私はそうではないけれども、たいていの人たちは「古い(ださい)」と言われることが人生最大の恐怖であるようだ。流行も含めて、大半の人生行事がこの恐怖に仕切られている。それは老若男女、個人・企業体の隔てがない。彼らのモットーは「新しさ」であり、「質」ではない。細い数直線の新しい方向への「序列」であって、その直線上にそびえる才能の「かさばり」ではない。このような世情をうかがうとき、私はいつも芸術家であらなければならないと思うし、そのように生まれついてよかったと感謝する。芸術はその恐怖と無関係な位置にあるからだ。(3.11)


 自分の好きな歌を『遺歌』と称してテープに編集している。この作業は二十年以上にわたっており、これでもう何百本目になるだろうか。遺歌なぞとは仰々しく、縁起が悪いようだが、もの心ついて以来自分が聞き惚れた歌、くらいの意図である。何かの事情でこの数百本が他人の手に残ることも、多少こころに懸けているかもしれない。だから、吹き込むときは、ささやかな死の翳りがよぎり、たいがいは幾分さびしい気持ちになる。

三十年前大学時代の友人に貸したまま行方知れずとなった、ジャンクというグループの『鵜戸参り』(P)がある人の努力によって手に入り、さっそくテープに編む。胸に沁みた。いまなお入手できないのは、朝丘雪路の『恋の十字路』だけになった。

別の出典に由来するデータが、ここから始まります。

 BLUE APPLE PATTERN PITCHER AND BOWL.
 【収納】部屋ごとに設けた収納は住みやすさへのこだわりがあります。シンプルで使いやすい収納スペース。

唄を聴きはじめたのはいつのころだったろう。五、六歳の夏、青森の叔父の家で、『うちへおいでよ』と『砂に書いたラブレター』を聴いたのが最初だったように記憶している。それから五十年が経った。さまざまの名曲が私の耳を通り過ぎていった。アメリカン・ポップス、ジャズ、日本の流行歌、さらに演歌……。なかでも心の奥底に刻まれている歌を、自分になつかしく確認させる意味で、荒々私の耳の時代順で挙げつらねてみたい。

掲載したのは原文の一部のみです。